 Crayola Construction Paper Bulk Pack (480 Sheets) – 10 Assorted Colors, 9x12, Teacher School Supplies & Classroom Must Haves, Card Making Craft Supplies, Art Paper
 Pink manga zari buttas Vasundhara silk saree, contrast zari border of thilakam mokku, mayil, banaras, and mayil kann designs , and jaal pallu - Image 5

--

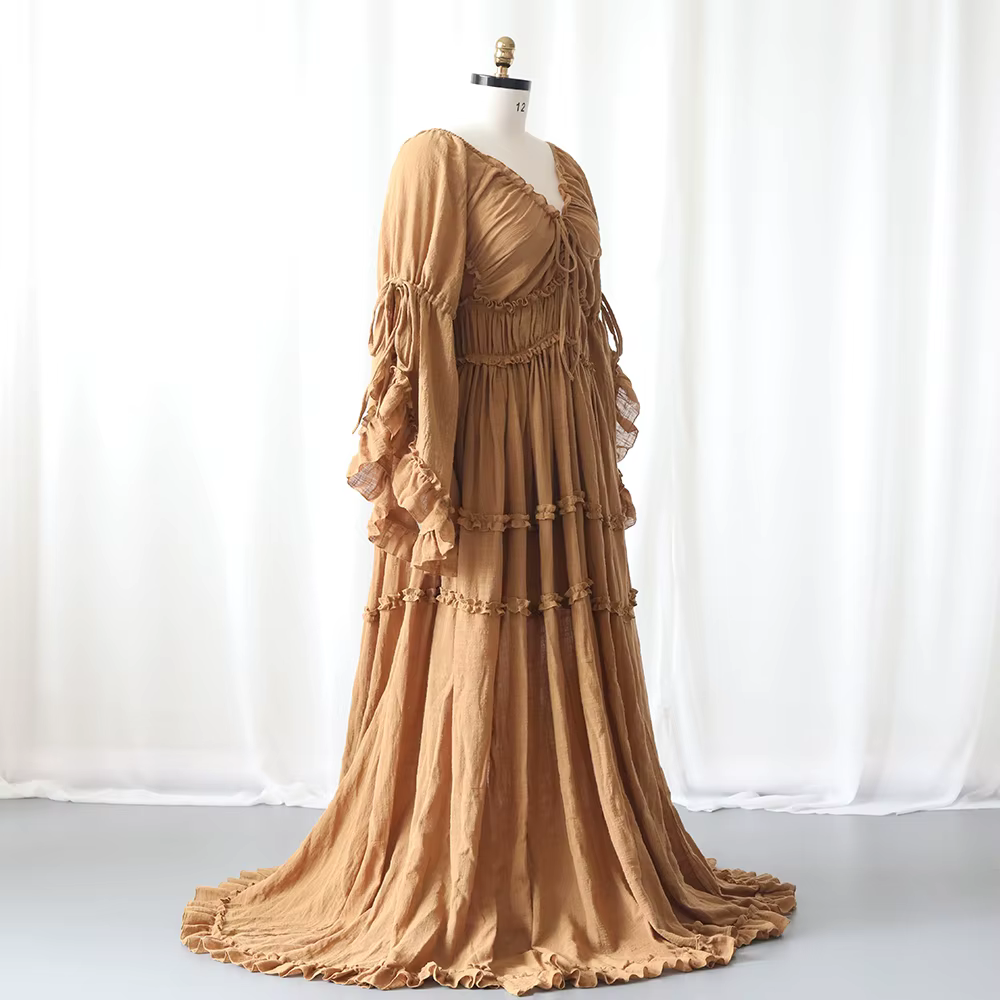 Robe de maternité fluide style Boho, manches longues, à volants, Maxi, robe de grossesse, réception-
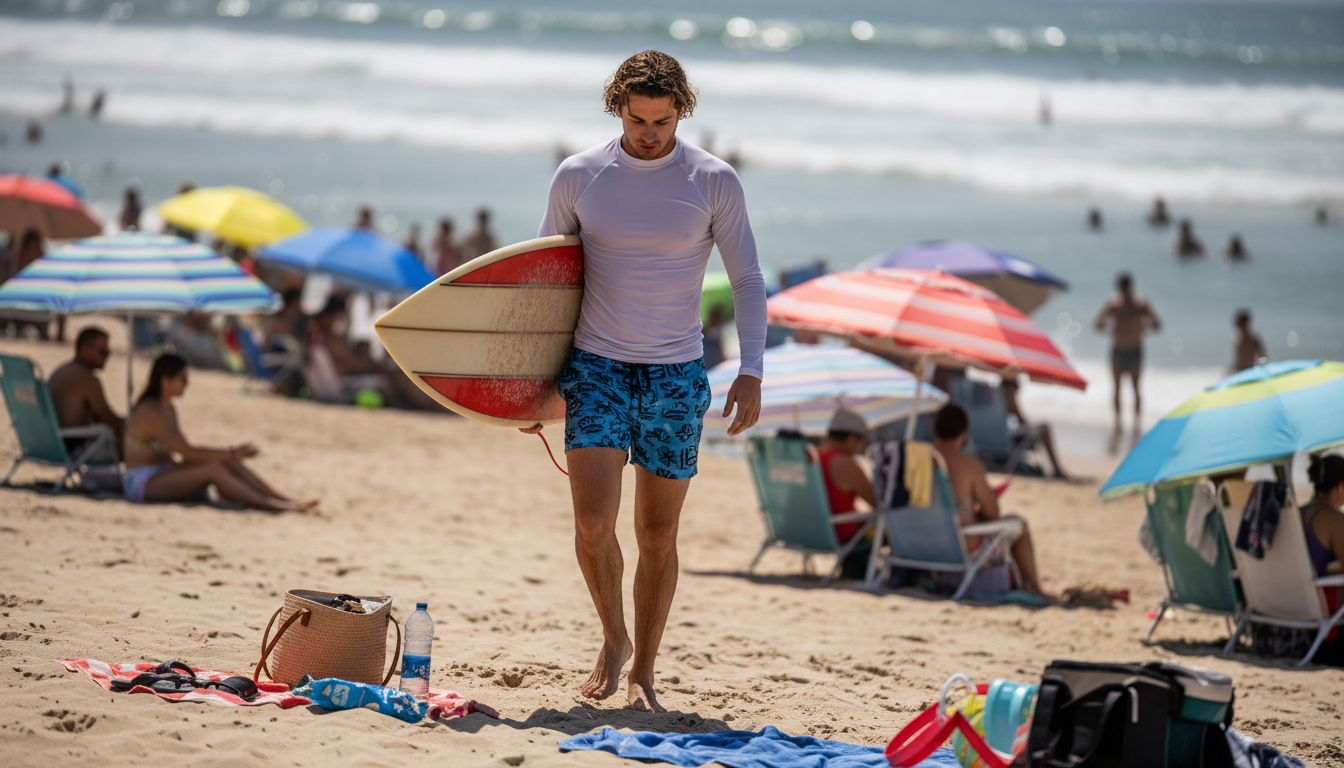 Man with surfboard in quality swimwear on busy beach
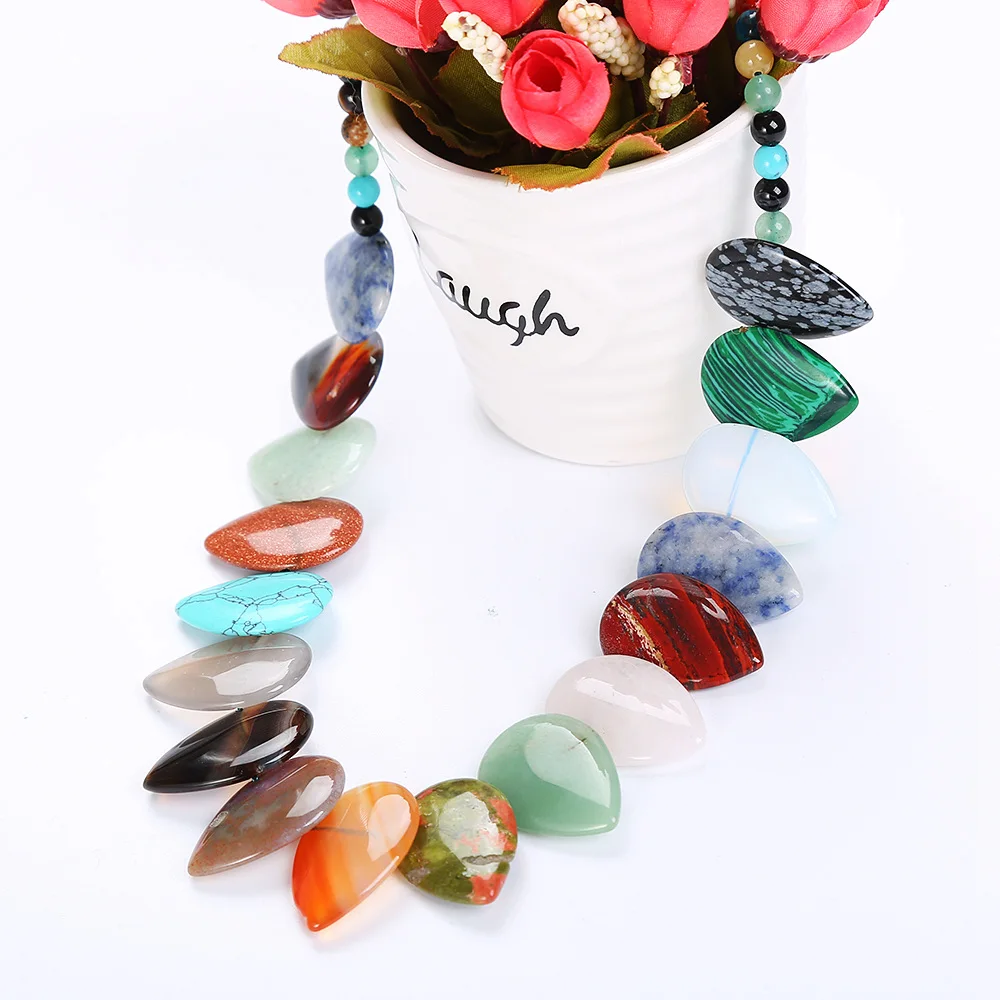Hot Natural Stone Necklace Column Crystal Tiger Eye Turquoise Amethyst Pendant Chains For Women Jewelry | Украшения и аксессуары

* TASK ITEM *
Starting at the line above that contains "Robe de maternité", transcribe every line exactly through the line that contains "Hot Natural Stone", including that last one, and skip the pictures.

* SOLUTION FOR THIS TASK *
 Robe de maternité fluide style Boho, manches longues, à volants, Maxi, robe de grossesse, réception-
 Man with surfboard in quality swimwear on busy beach
Hot Natural Stone Necklace Column Crystal Tiger Eye Turquoise Amethyst Pendant Chains For Women Jewelry | Украшения и аксессуары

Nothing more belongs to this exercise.